Consider ggdist integration for distribution visualisation

mitchelloharawild commented 4 years ago

{ggdist} provides an impressive variety of plot styles for visualising distributions, and in many cases produces similar / better results to what I plan on adding for distributional (#6, #18). I also like having the graphics for distributions in a separate package to reduce bloat in this package..

Currently (from brief observation), {ggdist} accepts character vectors to identify distribution class, and numerics for parameters. If the dist aesthetic were extended to support distribution classes (and if provided, not require arg* aesthetics), then it could be possible to retain existing functionality whilst adding support for vectorised distributions.

@mjskay - what do you think of adding support for passing this package's distribution vectors to the dist aesthetic, and is there anything additional required from this package to make it work?

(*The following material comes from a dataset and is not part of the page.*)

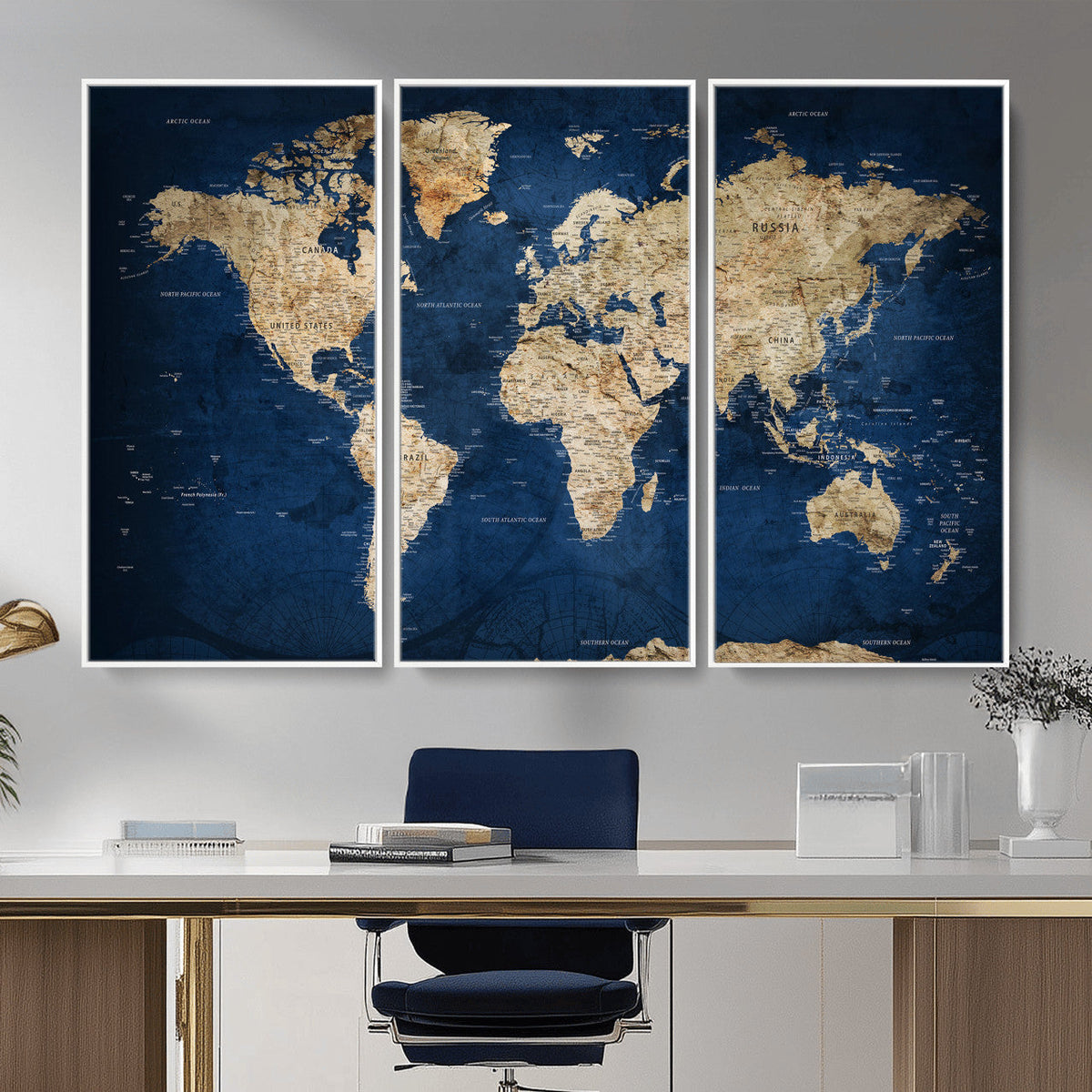 World Map Canvas Print – Framed Travel Map Wall Art for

mjskay commented 4 years ago

Funny, I just ran across your package while peeking at the CRAN incoming dashboard and was contemplating asking you something similar. Relatedly, is this a fork off the fable dist_() functions or are those different?

I think it should be straightforward to support these in the stat_dist family. I would hesitate to make another whole subfamily of geoms, so the most sensible thing might be to allow dist vectors passed to the dist aesthetic and just go from there. I think it would make for a great pairing!

mitchelloharawild commented 4 years ago

Funny, I just ran across your package while peeking at the CRAN incoming dashboard and was contemplating asking you something similar.

More funny is that I found your package the same way just now!

Relatedly, is this a fork off the fable dist_() functions or are those different?

It's a re-implementation of the limited fabletools::dist_*() functions to support vctrs and be more general purpose. The old classes were more of a prototype for vectorised distributions before vctrs, and only supported quantiles (as that was all we needed).

I think it should be straightforward to support these in the stat_dist family. I would hesitate to make another whole subfamily of geoms, so the most sensible thing might be to allow dist vectors passed to the dist aesthetic and just go from there. I think it would make for a great pairing!

Great, this was my line of thinking too. Please keep me in the loop for this, if you'd like help with the integration or have any questions, let me know.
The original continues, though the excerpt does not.